I titled my first manuscript Courtly Love. Each chapter referenced one of Capellanus' Rules of Courtly Love (also mentioned in The Courtier by Castiglione). It was, in my opinion, a smart title. Not only did each rule serve as a theme for the chapter, the overall message was that courtly love wasn't true love. In that book my hero and heroine learned that real love was gritty and uncomfortable, not all about show. Courtly Love was followed by Courtly Christmas, Courtly Marriage, and an intended (but never happened ) Courtly Consequences. All of them played on the reality versus the sophisticated ideal of their subject.
The big problem, aside from the apparently unpublishable nature of Tudor romps, was that none of these titles were in the least bit sexy. I took myself far too seriously. This advice was given by an author that I count as one of my favorites in the historical romance genre. She writes smart, strong, poignant stories all with a sense of humor and a decent deal of heat. I changed the titles to Courtly Pleasures, Courtly Scandals, and Courtly Abandon. Sexier? Yes. Published? No.
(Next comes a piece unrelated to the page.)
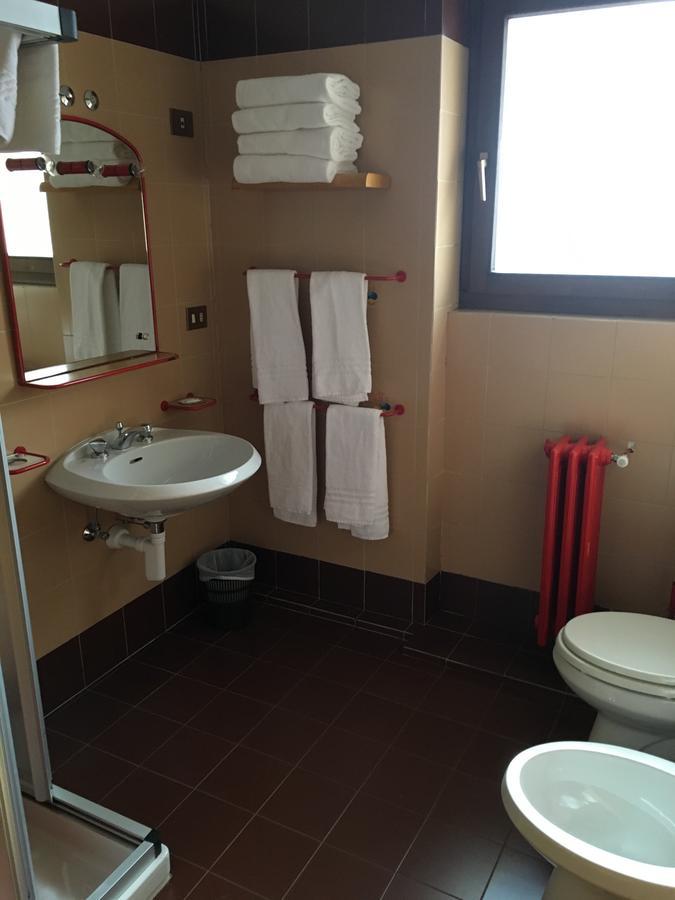 Aparthotel Residenza 3-Tre Madonna Exteriér fotografie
Oh well.
I took the advice to heart for my next book, Possessing Karma. I didn't abandon my obsessive need for double meaning, but managed to make it have a sensual translation (my main character, Karma, gets possessed by ghosts, then in a more carnal way by Philippe. The ghosts are being punished by the force of karma, etc...).
Misleading title, maybe?
I'm having real trouble finding a title I like for my Ireland book, currently titled Touched by the Past. Gillian returns to Ireland, where she'd spent a troubled childhood, only to find the memories she'd written off as dreams were real. She has a connection to the forest, an ageless elemental spirit of earth. The problem is that the forest doesn't the limitations of her humanity and she doesn't want to accept what is happening to her. The forest barrages her with memories, some recent, some ancient, and she has trouble determining what's real. She also reconnects with a childhood sweetheart who helps her accept the supernatural element and is her support in fighting a very mundane enemy.
I've brainstormed, looking for themes that are both mystical and sensual. I've come up with to know/knowing, bared by/baring, exposed/exposure, open to, touched/touching/to touch, taken, etc... It's driving me crazy. I keep hoping the title will come to me in a moment of inspiration, but no luck on that front so far. With RWA 2013 conference rapidly approaching, I want a gripping title to have on my one sheet (even though I won't be finished, so won't really pitch it -- more just have it with me to show that I'm actively producing)
Titles matter. They make the first impression. What sort of titles appeal to you when buying a book? Have you ever bought on title alone?